#### TO DO:
Your answer should be the full data, transcribed exactly, with no pictures in it.

#### COLLECTED DATA:

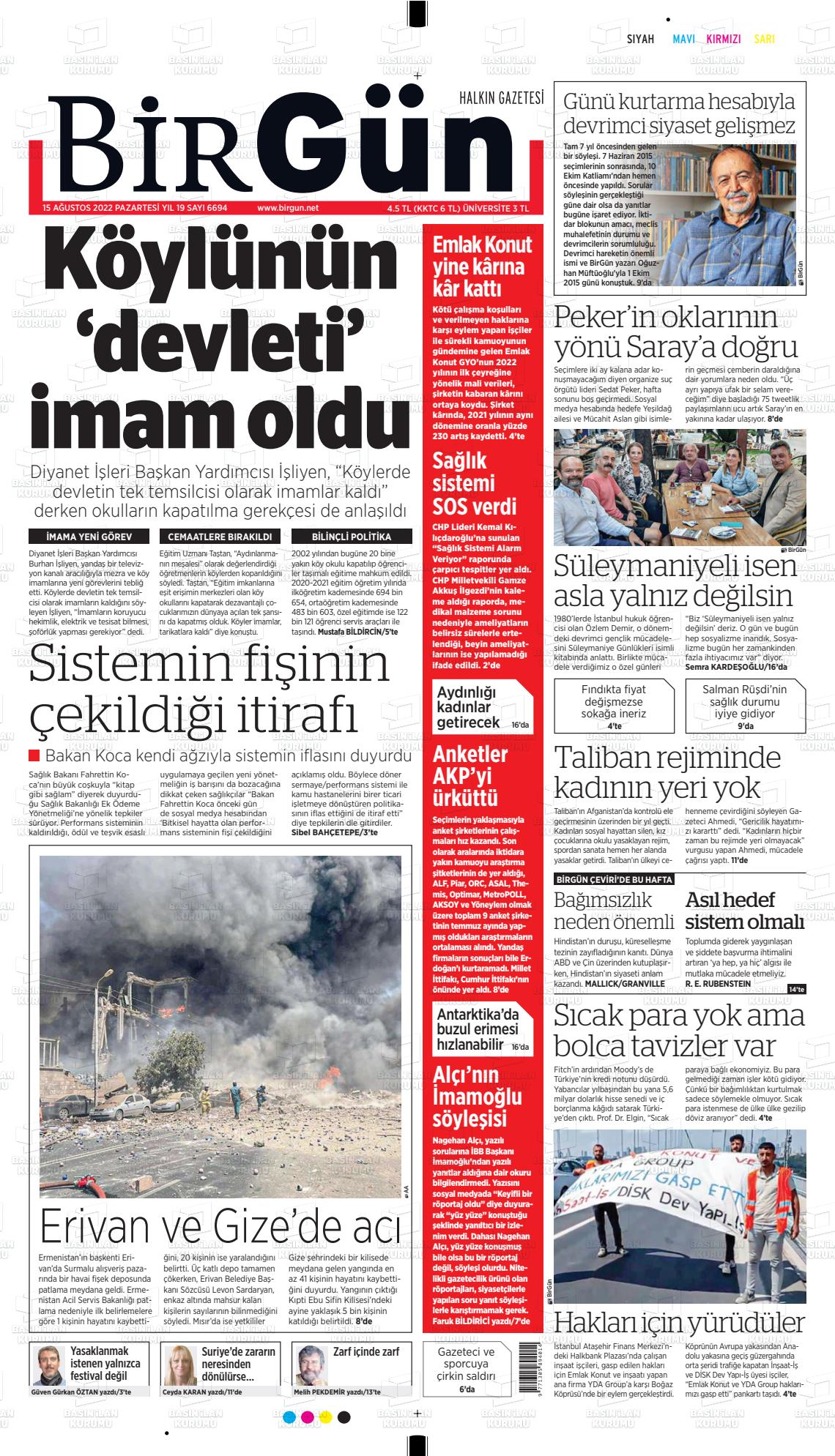 15 Ağustos 2022 Birgün Gazete Manşeti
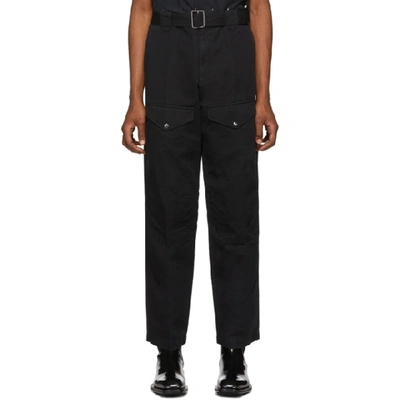 Shop Givenchy Black Military Trousers In 001 Black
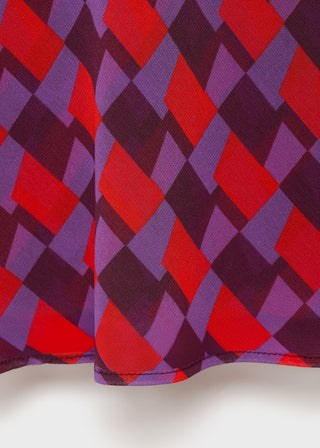 Blusa Estampada con Cuello Drapeado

#### REPLY TO THE EXERCISE:
 15 Ağustos 2022 Birgün Gazete Manşeti
 Shop Givenchy Black Military Trousers In 001 Black
 Blusa Estampada con Cuello Drapeado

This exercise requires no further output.